Not sure if my recent paper "Equivalence: an attempt at a history of the idea""Equivalence: an attempt at a history of the idea" qualifies as one of the "best of Mathoverflow or papers inspired by Mathoverflow". But I am sure Mathoverflow was a force to keep me motivated for a journey that started 13 years ago into the long and rich history of equivalence.
It was 4 years and 6 months ago that I asked on MO: "Who introduced the terms “equivalence relation” and “equivalence class”?""Who introduced the terms “equivalence relation” and “equivalence class”?" When I asked the question I was kind of full of myself to know nearly every corner of the relevant history, and the question was kind of let me find even that bit that I don't know. But, suddenly, there it was @Francois Ziegler's answer and then his comment to my own answer. Wow, it was much more than I asked. Basically, it opened up my eyes to something in front of me all the times, but I had failed to see it all the times. That answer was a new beginning for something that had started 6 years and a half year ago and continued for another 4 years and a half year!
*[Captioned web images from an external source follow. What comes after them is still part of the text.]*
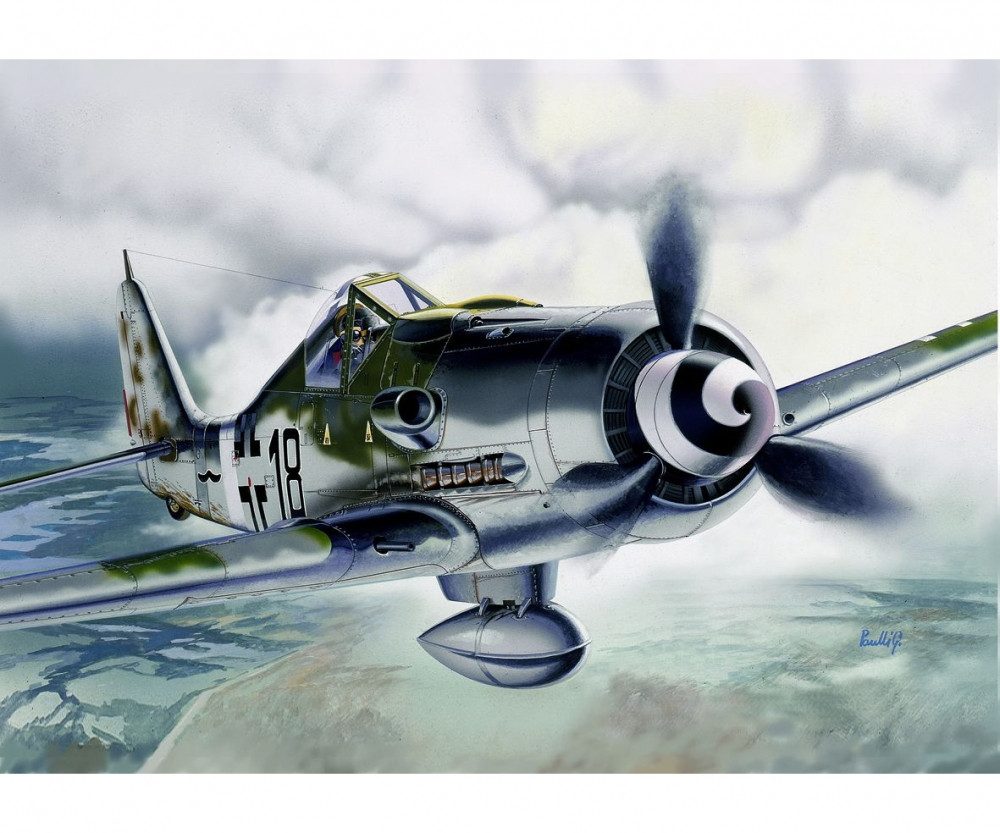 Modellbausatz Italeri 1:72 FW 190 D-9 Plastik Modellbausatz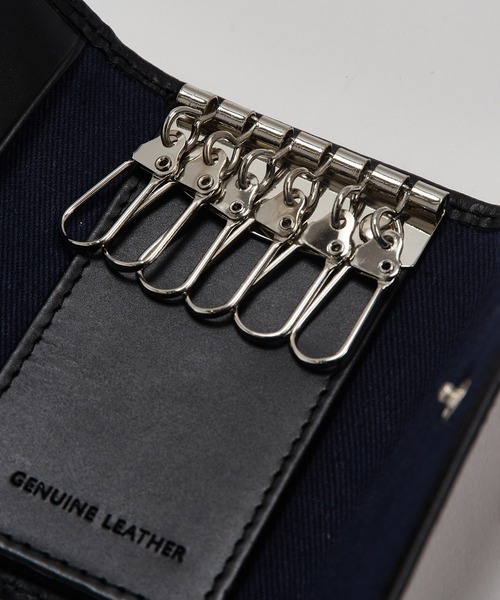 TOMMY HILFIGER（トミーヒルフィガー）の「【TOMMY HILFIGER】31TL17X012 キーケース（キーケース/キーアクセサリー・メンズ・ブラック・FREE）」の6枚目の写真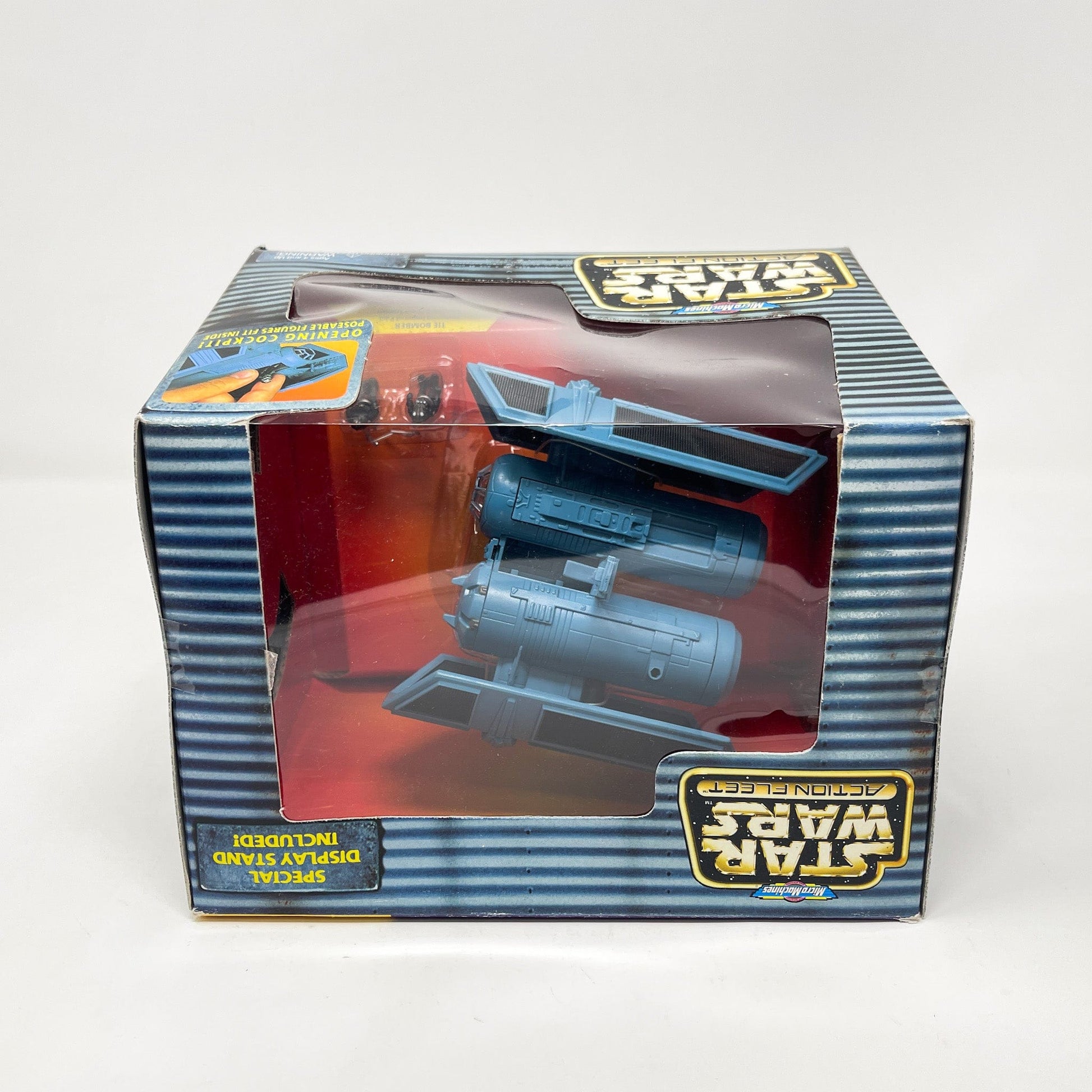 Vintage Galoob Star Wars Modern Ships TIE Bomber MIB - Action Fleet Micro Machines Star Wars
The paper has been dedicated to David Fowler for the reasons mentioned in the paper and here (link to meta-MO post). But, I believe both Fowler and I should thank Francois for his short enlightening answer. Here is the abstract of the paper, hoping it deserves the name of David Fowler, Christopher Zeeman, Jeremy Gray, and Francois Ziegler who directly or indirectly, knowingly or unknowingly, encouraged me to finish my journey.
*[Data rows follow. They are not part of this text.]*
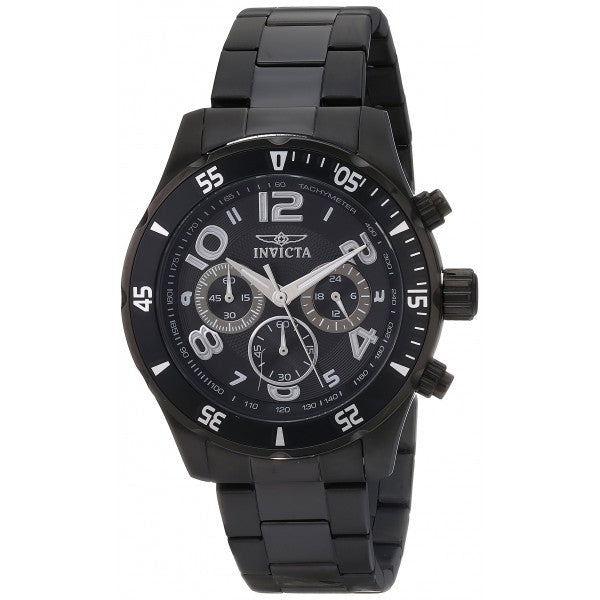 Invicta Invicta Men s 12915 Pro Diver Chronograph Black Textured Dial Bixme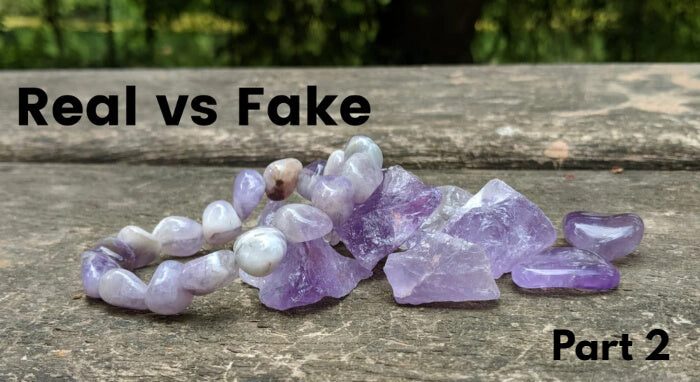 真假水晶手鍊對比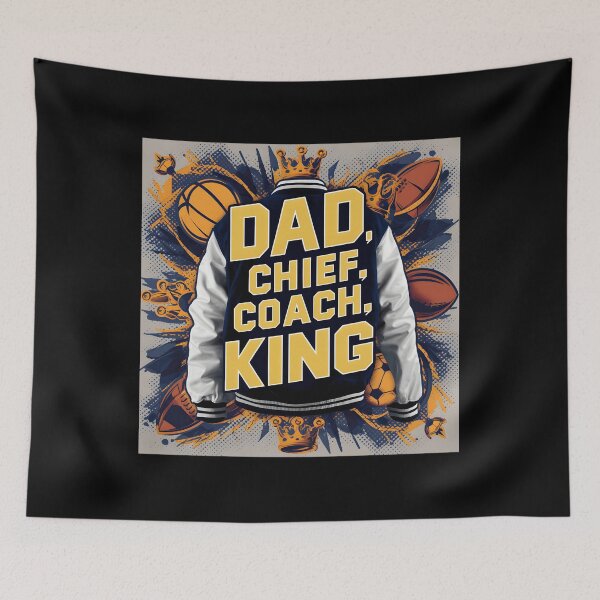 Item preview, 905 Dad Chief Coach King - Collegiate Letterman Jacket Style Father'S Day	 designed and sold by MichelleBooth1.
This paper proposes a reading of the history of equivalence in mathematics. The paper has two main parts. The first part focuses on a relatively short historical period when the notion of equivalence is about to be decontextualized, but yet, has no commonly agreed-upon name. The method for this part is rather straightforward: following the clues left by the others for the ‘first’ modern use of equivalence. The second part focuses on a relatively long historical period when equivalence is experienced in context. The method for this part is to strip the ideas from their set-theoretic formulations and methodically examine the variations in the ways equivalence appears in some prominent historical texts. The paper reveals several critical differences in the conceptions of equivalence at different points in history that are at variance with the standard account of the mathematical notion of equivalence encompassing the concepts of equivalence relation and equivalence class.